The point being, we are scared of Hill House and the Marsten house and Dracula and his lair long before we go to or meet them. In some ways, they are scarier before we go to or meet them.
This is a theme I’ll return to through different tunnels and in different words all month, but horror stories are primal. They recall some of the first stories we hear as children, and those are often, weirdly, some of the first stories we love. You don’t need a complete mythology or even a rational reason for readers to be scared. Just tell them they should be.
2. Told Tales
One of the challenges that any story with supernatural elements presents for the author is credibility. I’ve been asked a surprising number of times whether I believe in ghosts or the afterlife or monsters. I’ve seen another round of that question circulating through some other writers’s Twitter feeds just this week.

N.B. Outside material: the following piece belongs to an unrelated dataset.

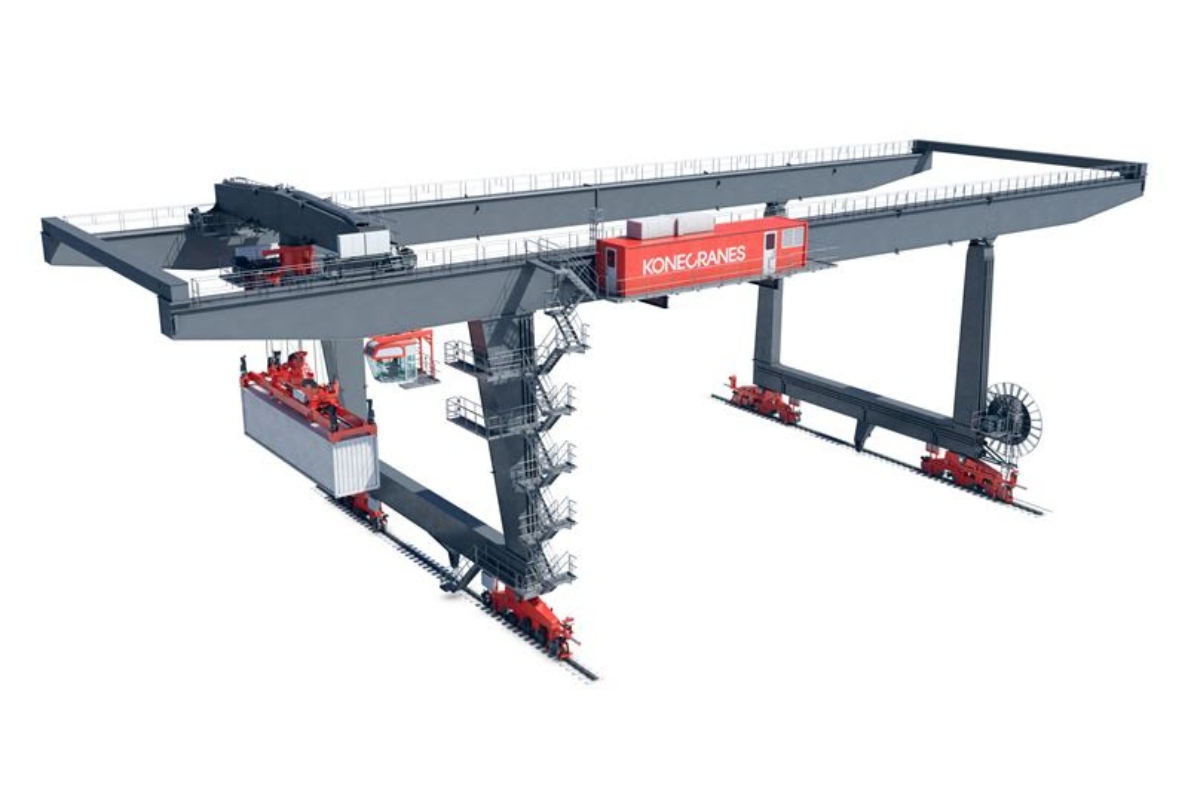 Konecranes RMG India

That question is a red herring, though. A distraction. You don’t have to believe in every monster (or angel, or alien, or phantasmagoric experience, or whatever) you create; you need that creature or experience to feel believable within the world of your story. Which should also feel believable.
A lot of the ingredients on this month-long list will be devoted to helping with the credibility problem. But one really useful method— and it’s a close cousin, obviously, to ingredient #1 above, and works for similar reasons— is to have a person we believe in tell us a story.
Why does this work? Because we love stories. Because we love believing in stories. Because if someone you believe in, for whatever reason, is standing in front of you and saying this happened, there’s a pretty good chance you’re going to believe it. At least for the duration of the story.
Take John Carpenter’s original “The Fog”, which opens with one of those primal storytelling moments. Campfire, cold night, light flickering on kids’s faces. John Houseman’s crusty old sailor clapping shut his pocket watch, staring around at the group, and growling, “11:55. Almost midnight. Time enough for one more story. Just to keep us warm…”
That’s a tone-setter, and not a tale likely to establish immediate credibility with adult viewers. But it sure does set the tone. And then, if you notice, every single major character in that movie tells a ghost story, sooner or later. The Jamie Lee Curtis hitchhiking artist, and the much less crusty, much earthier sailor who gives her a lift. The kid who finds the driftwood. Hal Holbrook’s troubled preacher. The weatherman who issues the warning about the incoming mist. Stevie Wayne, “our nightlight,” a single mom and disc-jockey looking down— like the ur-storyteller, or the author—at the fog rolling in, telling the tale of this night even as it happens, because she’s watching it unfold and trying to warn people through the radio.
Create a character we can believe has lived a life. Let them tell about something that happened to him/her/them. It doesn’t even necessarily matter if the story they tell relates directly to the one you’re telling. The words themselves, and the possibilities they set shimmering in the air, are the strands of the web you’ll need to hold readers where you want them. Keep them still.
So go get weaving.
More next week.
Classic example of mythos in one of my favourite Halloween stories: Albert Aloysius Dark, and Mr. Dark's Carnival. I especially love the very subtle mention of the complaints made against the Carnival during WWII (though the war was never mentioned, just the year) for featuring dead soldiers. Lovely touch.